Think about it: The average American spends almost 24 hours a week online. In that time, we may be viewing a lot of preexisting content—reading the news, shopping, watching YouTube videos—but we're not entirely silent or passive consumers. We're also participating in social media, writing product reviews, commenting on news stories, chatting on discussion boards, and more.
The end result of all that time is that we're creating a massive store of potentially discoverable data online. And that latent data source isn't going to fade away or become less important. It's only going to get bigger, louder, and more pressing.
But there's a trick to using online data effectively in e-discovery: It's dynamic, and it has to stay that way.
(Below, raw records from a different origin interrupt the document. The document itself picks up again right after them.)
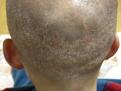 Click image for larger version

Name:	James-Bald-Donor-Area.jpg
Views:	947
Size:	56.6 KB
ID:	436266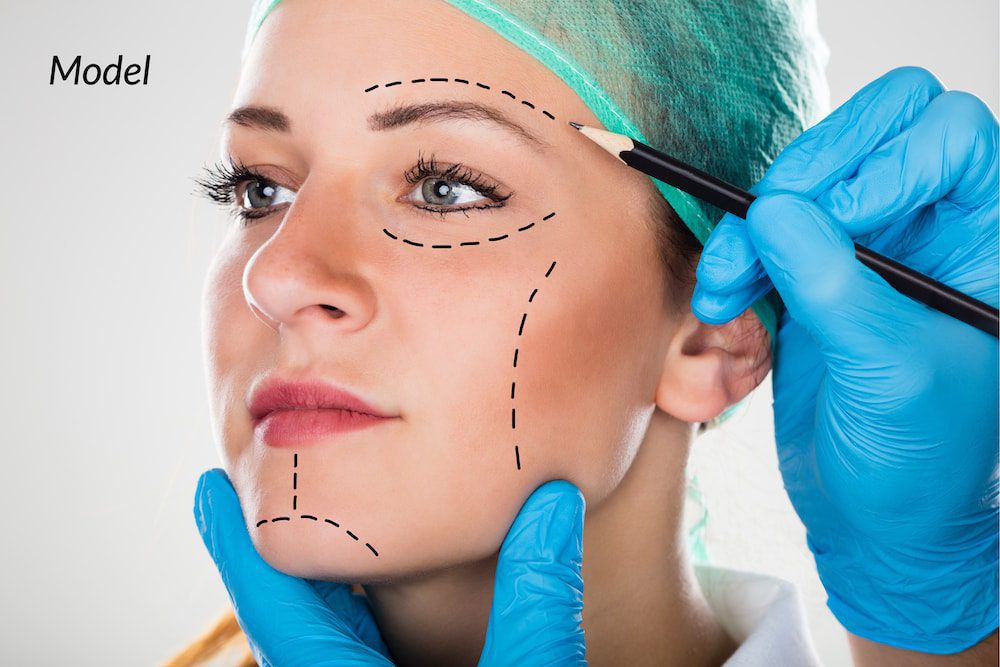 A woman undergoing a facelift consultation.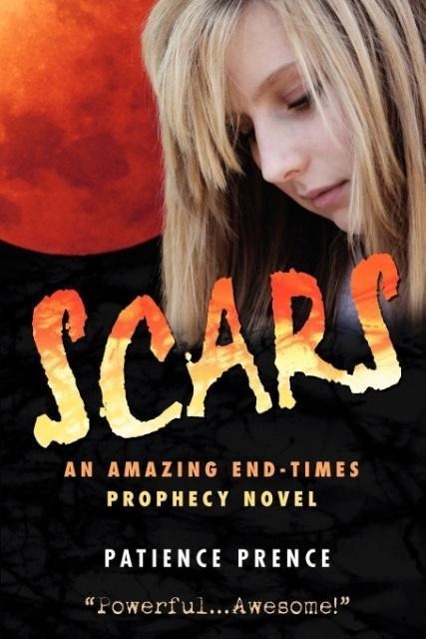SCARS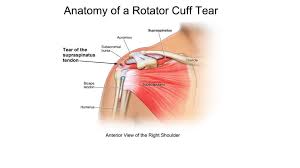 Shoulder anatomy is an elegant piece of machinery having the greatest range of motion of any joint in the body. Therapia Physiotherapy For Shoulder Pain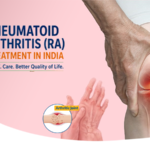Rheumatoid Arthritis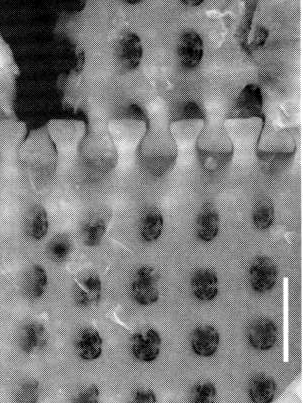 Aulacoseira canadensis SEM1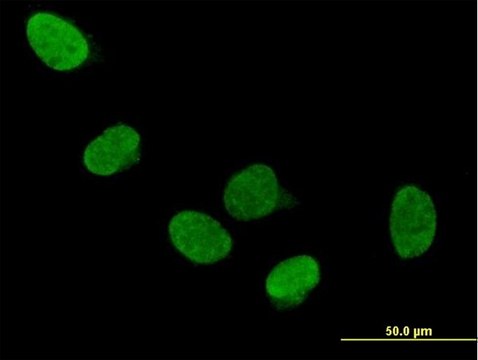 Anti-DDX5 antibody produced in mouse purified immunoglobulin, buffered aqueous solution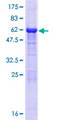 ADPRH / ARH1 Protein - 12.5% SDS-PAGE of human ADPRH stained with Coomassie Blue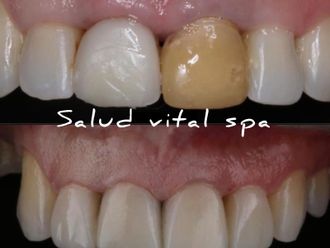 Carillas dentales - 852490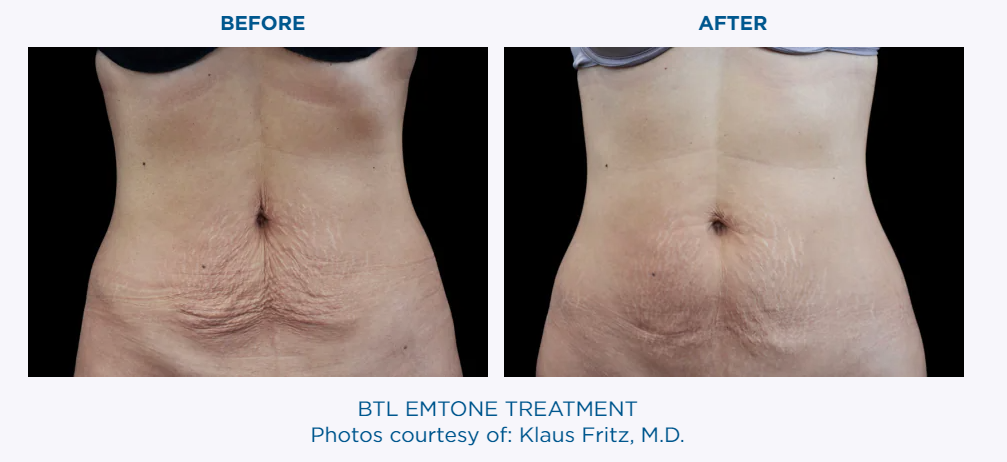 Skin tightening - Reston Dermatology + Cosmetic Center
What Do We Mean by Dynamic?
The internet is an entirely new communication method: constantly changing, interactive, and complexly intertwined, with links connecting different ideas. In addition to links, online information includes video, animations, GIFs, interactive elements like calculators, quizzes, and drop-down menus, and personalized content that detects and responds to the specific viewer. Whereas static data, like an email or a Word document, can be reduced to paper without losing any fidelity, online information loses most of its functionality the moment it's printed or saved as a flat TIFF image or PDF.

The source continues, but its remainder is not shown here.